Diketahui, Komisi III DPR akan memanggil Menko Polhukam Mahfud MD dan Menteri Keuangan Sri Mulyani serta Kepala PPATK Ivan Yustiavandana untuk menerangkan secara lebih detail lagi soal transaksi mencurigakan terkait tupoksi Kementerian Keuangan senilai Rp 349 triliun. Rencananya, ketiganya akan dihadirkan dalam rapat kerja dengan Komisi III pada Rabu (29/3/) pekan depan.
"Jadi saran teman-teman Komisi III mengundang Bu Menkeu rapat pada tanggal 29 Maret," ujar Wakil Ketua Komisi III DPR Ahmad Sahroni sebagaimana dikutip, Kamis (23/3/2023).

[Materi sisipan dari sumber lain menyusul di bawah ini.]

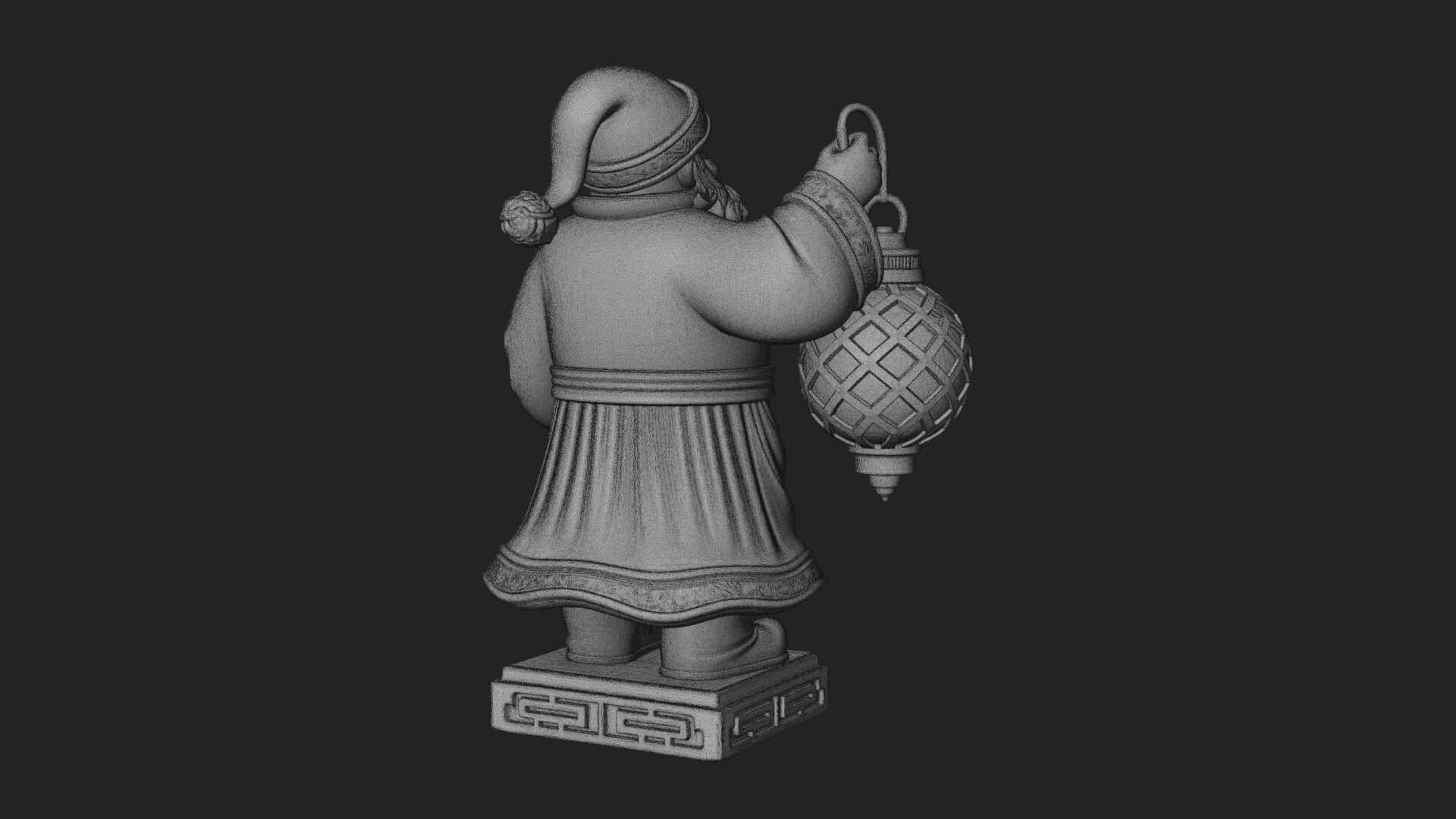 Robed Father Christmas Statue Design 3 3D Print Model 3D Model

Sahroni mengatakan pihaknya sudah mendapatkan klarifikasi isu tersebut dari Kepala PPATK Ivan Yustiavandana dalam raker pada Selasa (21/3). Namun, Komisi III DPR perlu mendapatkan keterangan Mahfud MD dan Sri Mulyani serta Ivan Yustiavandana dalam kapasitas mereka sebagai pengurus Komite Nasional Pencegahan dan Pemberantasan Tindak Pidana Pemberantasan Pencucian Uang (TPPU).

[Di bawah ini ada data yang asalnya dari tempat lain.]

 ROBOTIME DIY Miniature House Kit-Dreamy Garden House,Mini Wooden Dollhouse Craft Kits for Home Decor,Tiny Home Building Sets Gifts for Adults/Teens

"Jadi tiga tuh, ada Pak Ivan, Bu Menkeu, ada Pak Menko yang tiga-tiganya adalah berstatus Komite Nasional TPPU," tegas Sahroni.
Pada rapat kerja Selasa (21/3), Kepala PPATK Ivan Yustiavandana dicecar DPR soal transaksi mencurigakan Rp 349 triliun. DPR mempertanyakan jenis tindak pidana dari transaksi mencurigakan tersebut, tindak lanjut dari transaksi mencurigakan tersebut hingga alasan transaksi mencurigakan diungkapkan ke publik.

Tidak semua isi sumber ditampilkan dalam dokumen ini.